United States Vice President Kamala Harris has sent a message to fellow Americans and charged the rest of the world to take lessons from the inhumane activities that occurred during the slave trade era after she visited the historic Cape Coast Castle in Ghana.
The 17th-century slave fortification was one of the numerous coastal structures used during the transatlantic slave trade, which forcefully abducted 12.5 million people, mostly from Central and West Africa, and put them to work across the Americas, Europe, and the Caribbean. Kamala Harris and her husband Doug Emhoff explored the castle as they listened to lectures.
According to reports, the couple appeared emotional and moved as Kamala placed flowers in the female slave prison and entered the slave ship through the infamous “Door of No Return.”
“Being here was — was immensely powerful and moving, when we think about how human beings were treated by the hundreds of thousands in this very place that we now stand, the crimes that happened here, the blood that was shed here,” she said from Cape Coast Castle.

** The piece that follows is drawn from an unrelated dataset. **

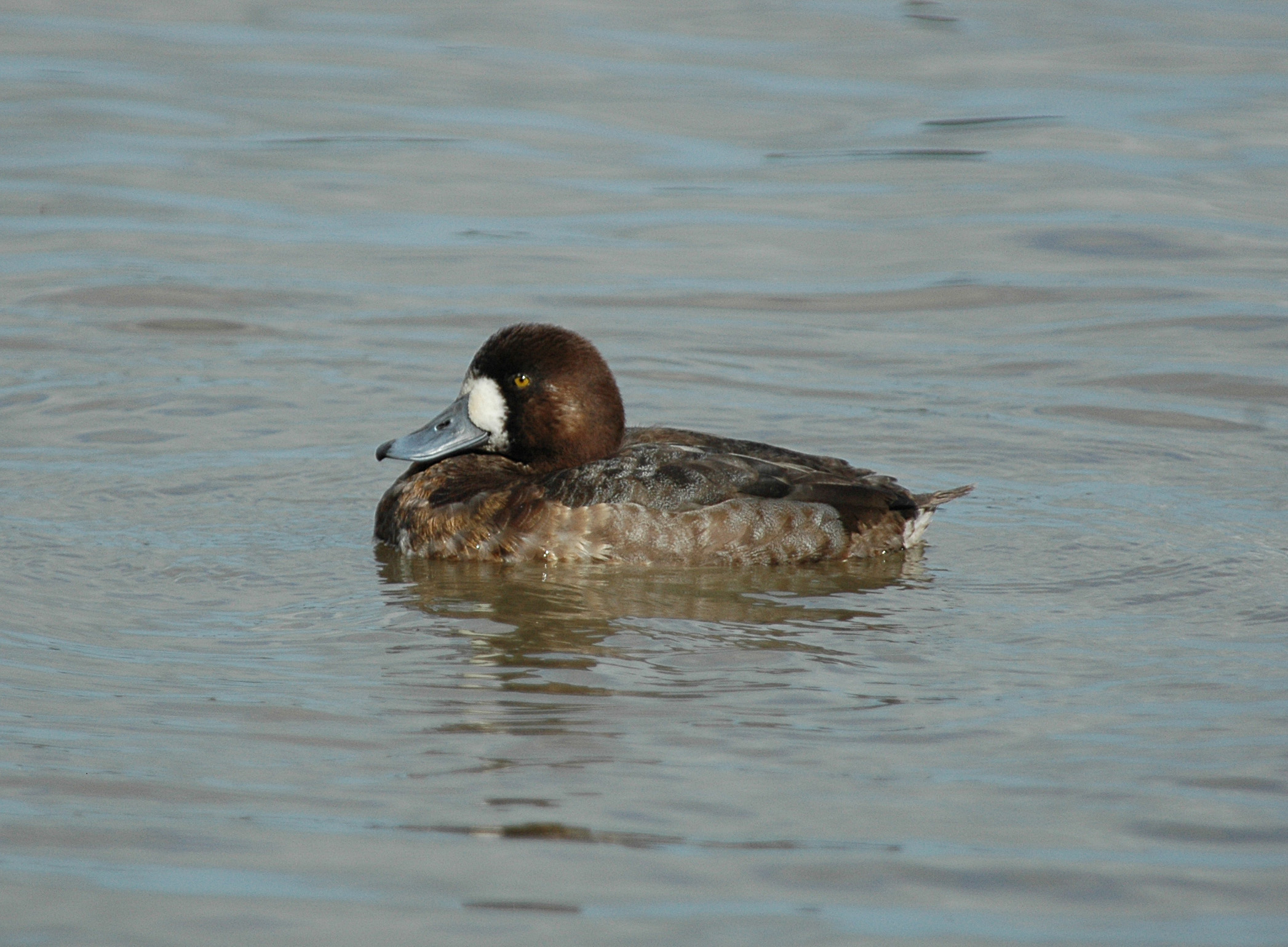 Recent Sightings - 21st December 2020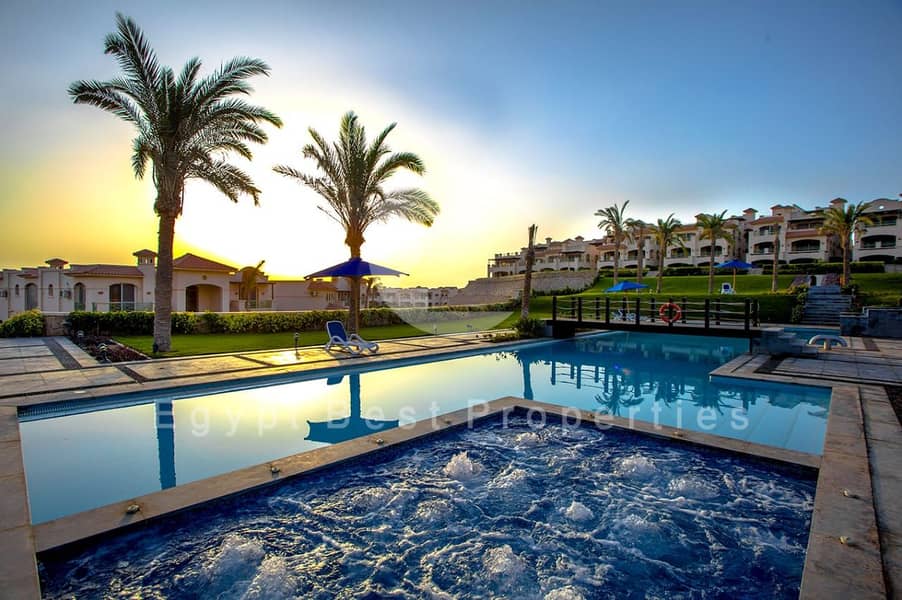 037b9c2f-f407-4f18-8000-d81b63fbc134. jpeg 037b9c2f-f407-4f18-8000-d81b63fbc134. jpeg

Today, I visited Cape Coast Castle in Ghana.
Hundreds of thousands of enslaved African people were forced here, tortured, and brutalized.
The horrific journey that began here shaped the history of the world. This history must always be remembered, understood, and taught. pic.twitter.com/8GD1WZN1G8
— Vice President Kamala Harris (@VP) March 29, 2023
“They came to this place of horror — some to die, many to starve and be tortured, women to be raped — before they were then forcibly taken on a journey thousands of miles from their home to be sold by so-called merchants and taken to the Americas, to the Caribbean to be an enslaved people.”
Harris said the horror of what had happened there must be remembered. “It cannot be denied. It must be taught. History must be learned,” she said.